Whatever the origins it has come to have the association of a person being sacrificed in a crisis. In my friend’s case his bosses could have blamed him for all the projects faults and kicked him off the project. Then pointed at him as the source of the project’s failure. Instead he had to deal with a tough conversation, but ultimately got some help that (fingers crossed) will turn the project around.

What about you, is this a term you use?

Image: London Bus via pixabay

Sweat Equity

Ownership in company, even a startup, can be shared. When shared the proportion each owner has is calculated based on what they brought in. For some owners it’s a straight financial transaction, for others – especially in a start up – some of that ownership comes from the hard work they’ve put in getting the business started. This share derived from work is known as “sweat equity”. It’s sweat equity that allows Mark Zuckerberg to retain a 28% equity stake in Facebook.

It’s often a highly valued part of the start up process for a budding entrepreneur, as explained in Blog Maverick, where Mark Cuban writes

Businesses don’t have to start big. The best ones start small enough to suit the circumstances of their founders. I started MicroSolutions by getting an advance from my first customer of $500. The business didn’t grow quickly in the first couple years. We didn’t grow past 4 people in the first couple years, and we all worked dirt cheap.

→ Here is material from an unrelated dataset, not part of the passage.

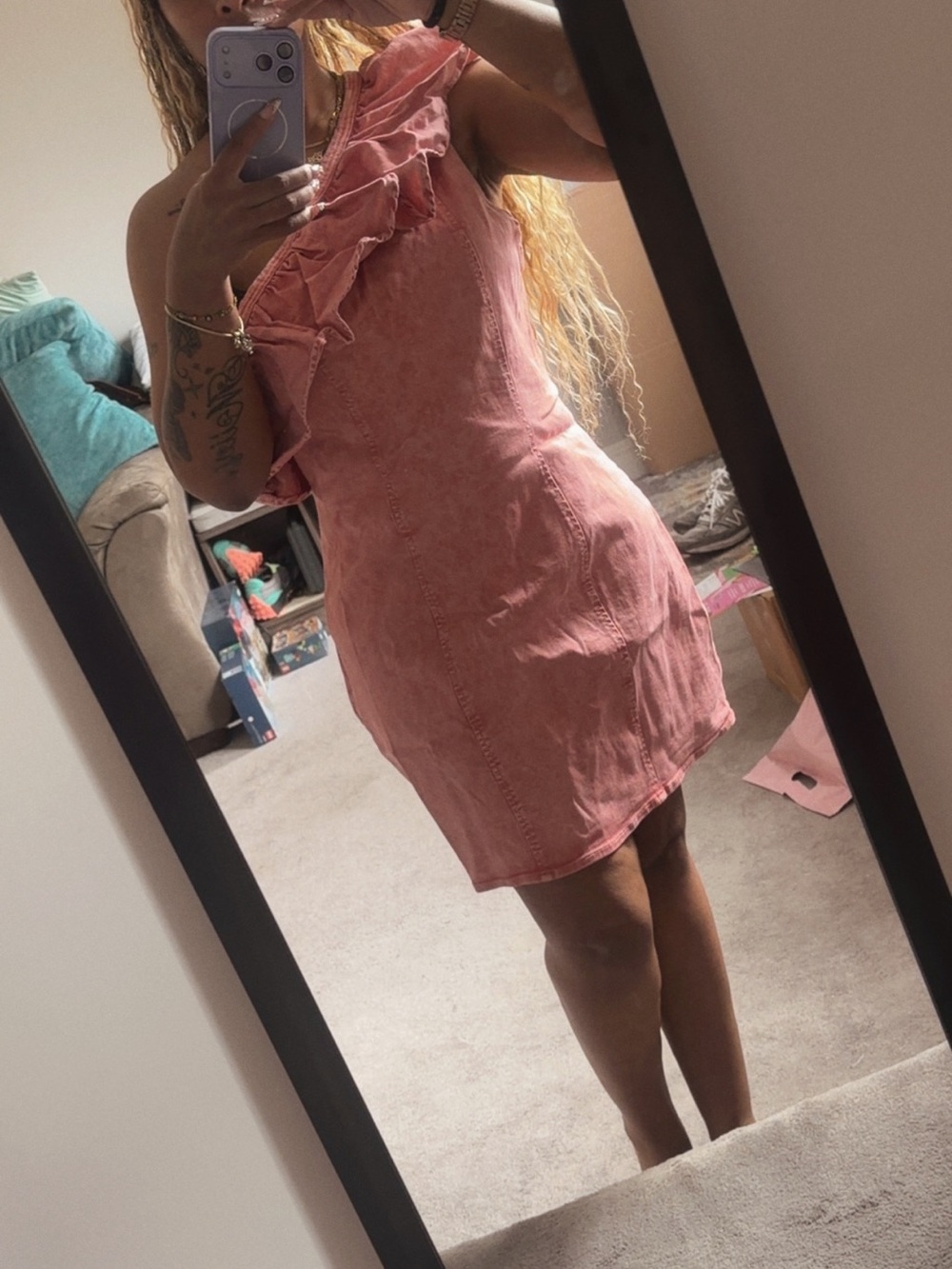Pink One-Shoulder Ruffle Dress - Picture 2 of 8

So what’s wrong with that? It’s OK to start slow. It’s ok to grow slow. As much as you want to think that all things would change if you only had more cash available, they probably won’t.

The reality is that for most businesses, they don’t need more cash, they need more brains.

The reality for entrepreneurs is that the less money they take from investors the great share of the equity they retain. But there’s a trade off – take no money and your opportunities to grow are reduced.

But recently I saw an article online that referred to increasing the value of your home by putting in “two weeks of sweat equity”. It seemed a weird use of the word to me, but in a sense it is exactly what hard work improving your house can be – you’re increasing the value of the asset by hard work rather than financing an improvement, and you’re also increasing the proportion of the asset that you own, since the bank is not adding an equivalent amount.

I then checked wikipedia, fount of all knowledge, and it appears I’m behind on my dictionary meanings, and Habitat for Humanity has used this model of funding to help people get into their home. A home that would otherwise be unaffordable.